# WORK ITEM:
Give the listing again in full and exactly, apart from its pictures.

# COLLECTED DATA:
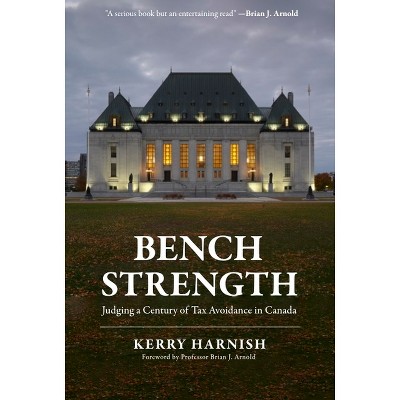 Bench Strength - by  Kerry Harnish (Paperback)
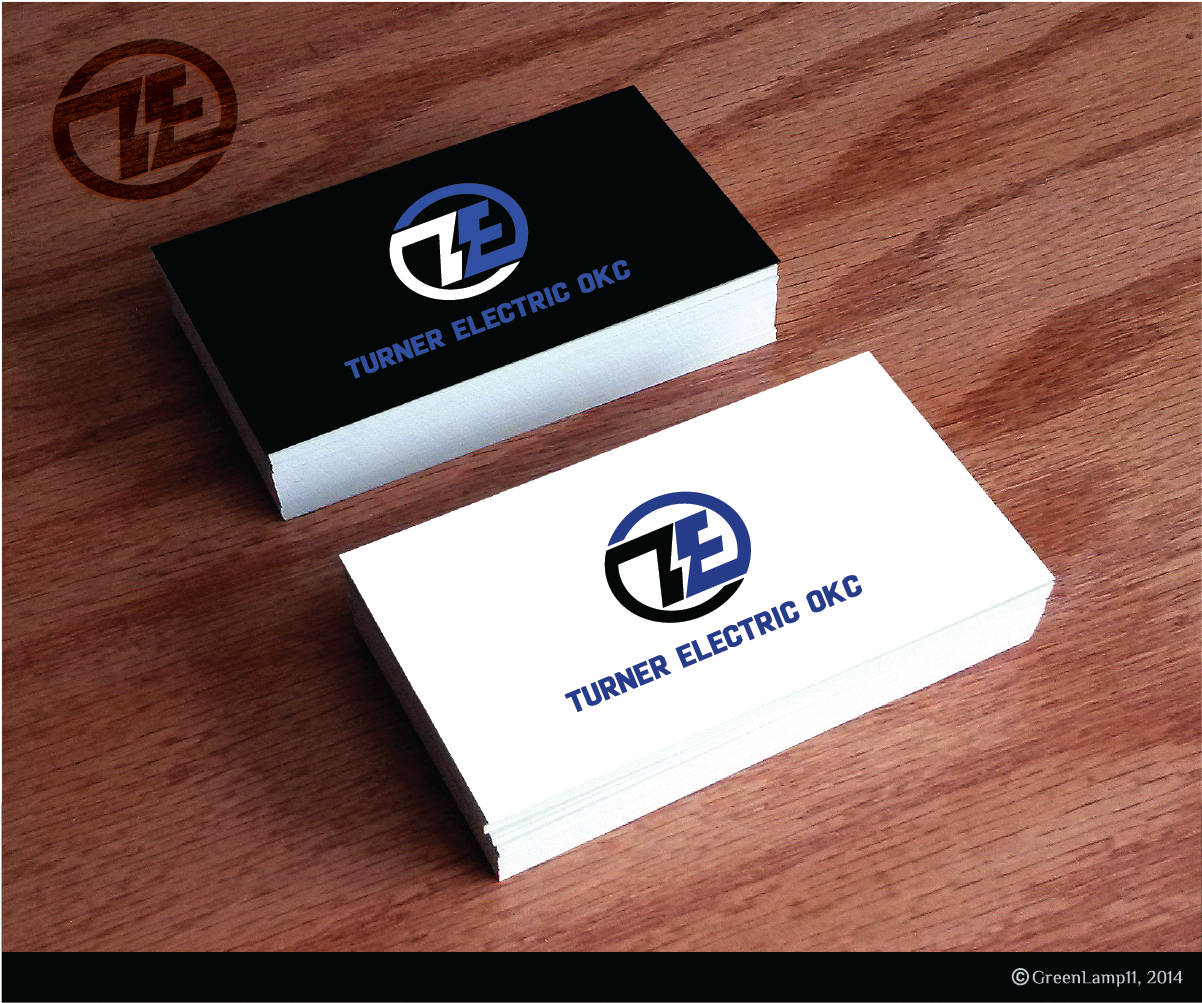 Logo Design By Greenlamp For Turner Electric Okc - Emblem (1500x1301), Png Download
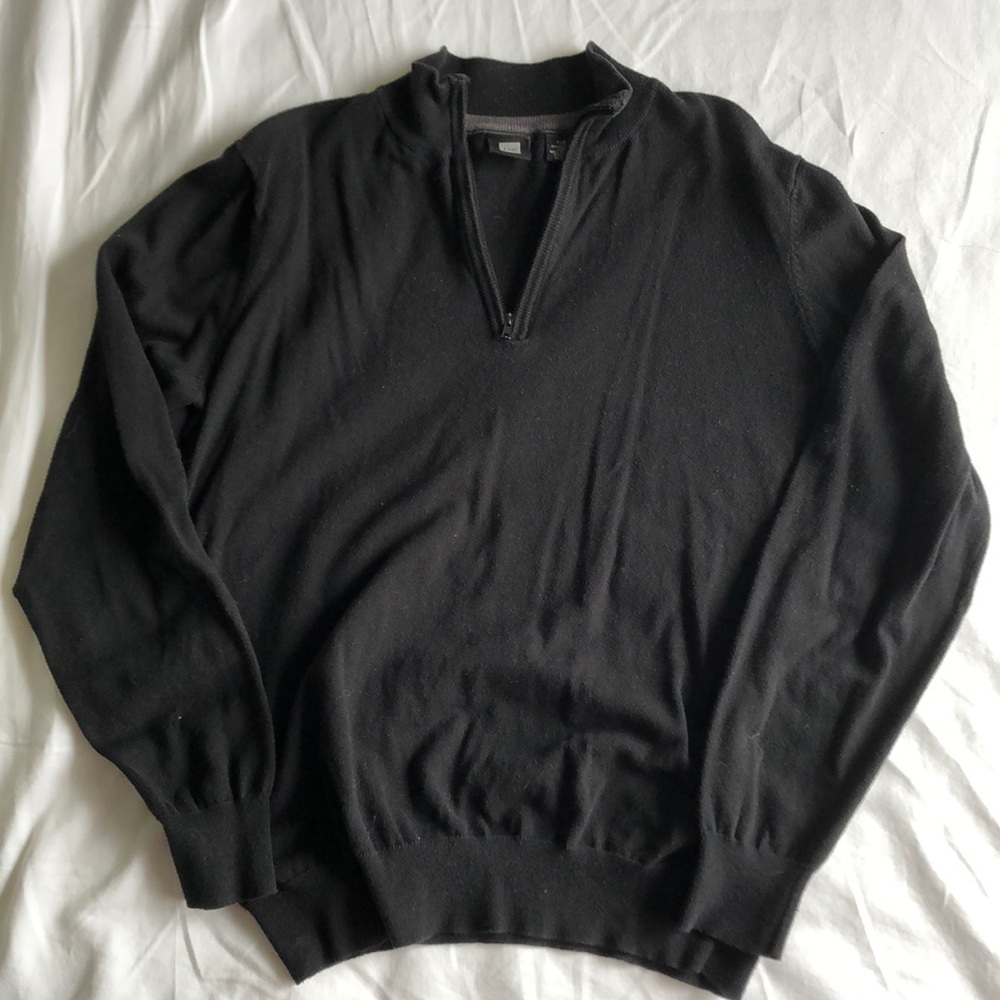 quarter zip sweater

# EXPECTED ANSWER:
 Bench Strength - by  Kerry Harnish (Paperback)
 Logo Design By Greenlamp For Turner Electric Okc - Emblem (1500x1301), Png Download
 quarter zip sweater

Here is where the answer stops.